NOS Primavera Sound. Um jardim pautado pela diferença dos extremos

Três dias de NOS Primavera Sound são sempre muita matéria para digerir. Das corridas pela colina fora na troca de palcos ao suor largado pelo calor das primeiras filas, o cansaço é geral quando a ressaca domingueira pós-festival se torna uma realidade. Para trás ficam experiências singulares, rotas distintas e um Primavera Sound de coração cheio – e também esgotado, verificando-se a maior enchente do Parque da Cidade do Porto desde a primeira edição do evento em Portugal.

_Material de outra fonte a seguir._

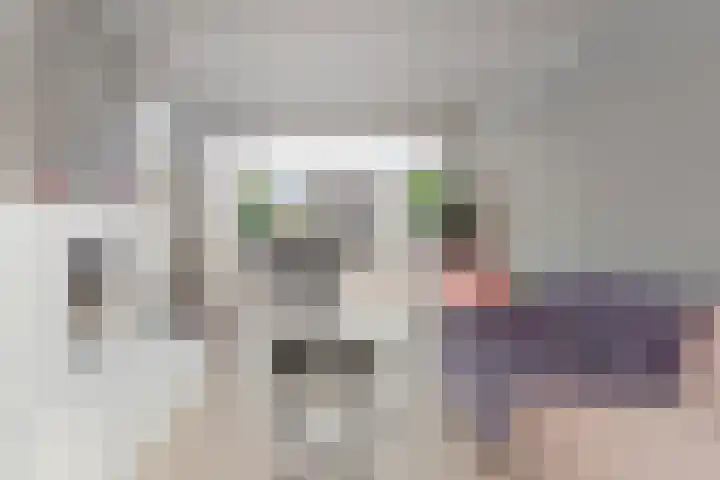 A. M. de Jongstraat 1 Etten-Leur thumbnail 7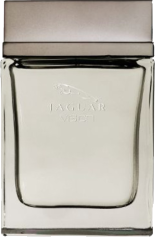 عطر ادکلن مردانه جگوار ویژن Vision Jaguar for men | تهران ادکلن 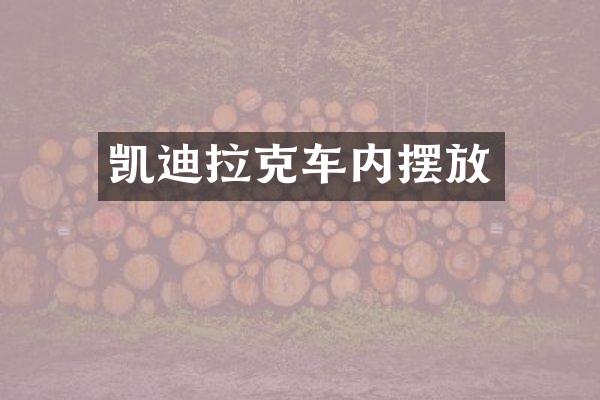 凯迪拉克车内摆放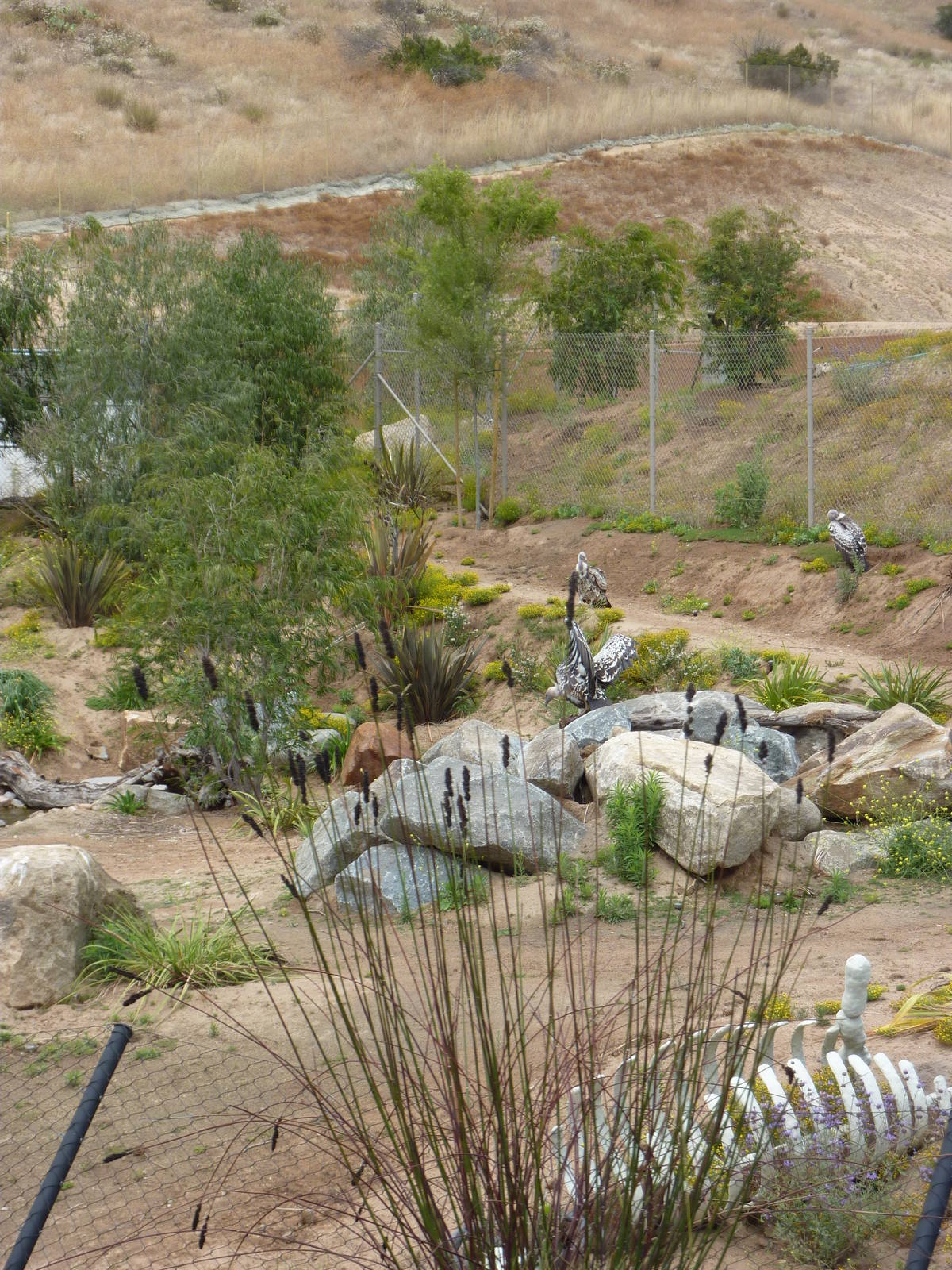 6-12-10 JiA - Rueppels Vulture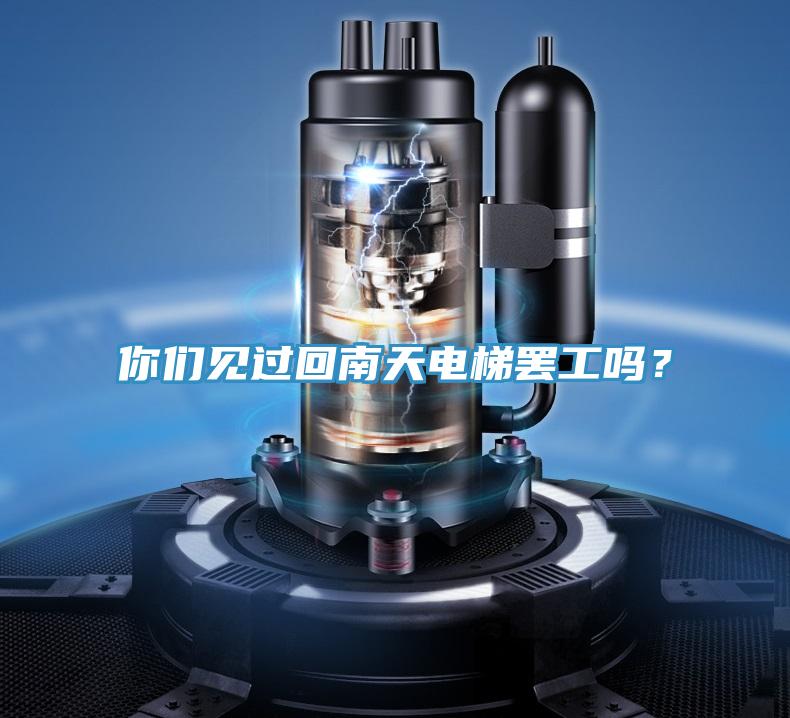 你們見(jiàn)過(guò)回南天電梯罷工嗎？
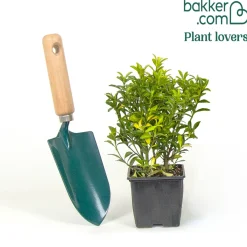 Fusain du Japon Microphyllus - La bordure verte facile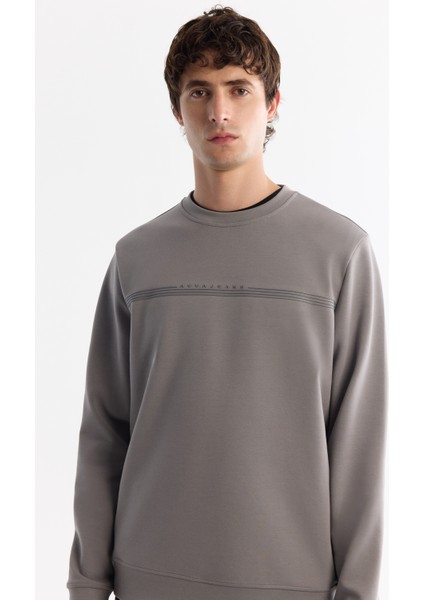 Erkek Gri Bisiklet Yaka Pamuklu Baskılı Elastan Regular Fit Sweatshirt A42Y1267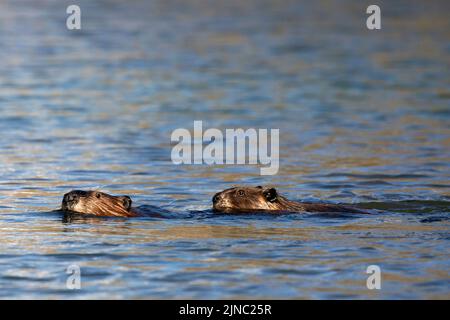 Zwei nordamerikanische Biber schwimmen zusammen im Wasser eines Feuchtgebiets an den Auen. Castor canadensis Stockfoto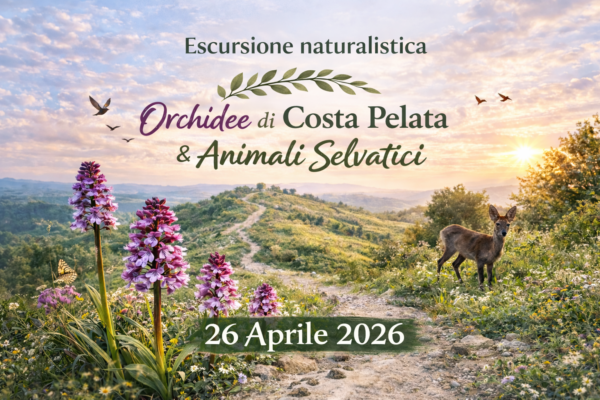 Orchidee di Costa Pelata e Animali Selvatici - un'esperienza tra natura e biodiversità escursione 26 aprile 2026
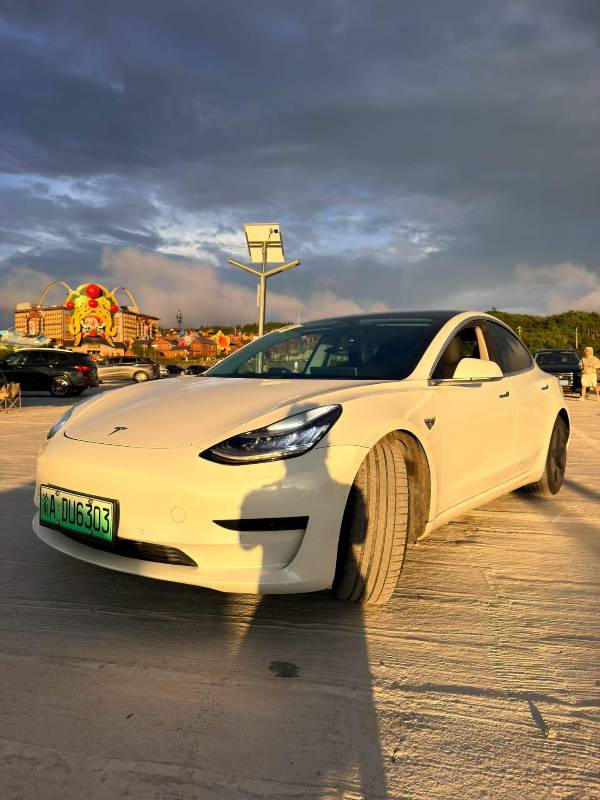 Tesla Model 3 2020 Tesla Model 3 2020 car image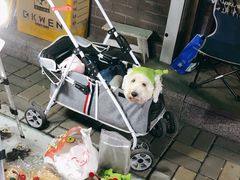 -中环花鸟鱼虫市场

O NOS Primavera Sound, ano após ano, tem-se desmarcado aos poucos do seu grande irmão. Em Barcelona circulam os nomes maiores da música, mas é no Porto que as flores desbotam para os acordes. É no Porto que se troca o extenso line-up pelo conforto de um jardim numa espécie de oferta gourmet e mais apurada: enquanto uma boa parcela do público-alvo volta a chamar por mais nomes de letras gigantes, esta edição portuense responde com vários nomes que dificilmente vemos ou há muito não vemos noutros festivais por cá. E foi mesmo em certos extremos da oferta deste ano que a diferença foi feita num mar de atractivos distribuídos por quatro palcos.

8 Junho

O dia inaugural desta sexta edição do NOS Primavera Sound manteve os moldes a que nos habituou: os dois principais palcos, Palco NOS e Palco Super Bock lado a lado, a alternar entre si os únicos nomes do dia numa maratona mais curta que a dos dias seguintes. Se muitas línguas diferentes já se ouviam falar pelo recinto na quinta-feira, 8 de Junho, foi em português que a música se curvou perante a Primavera – a palavra cantada de Samuel Úria deu, no Palco Super Bock, o primeiro passo de uma longa caminhada pela música nova ou de referência que desfilou pelo Porto.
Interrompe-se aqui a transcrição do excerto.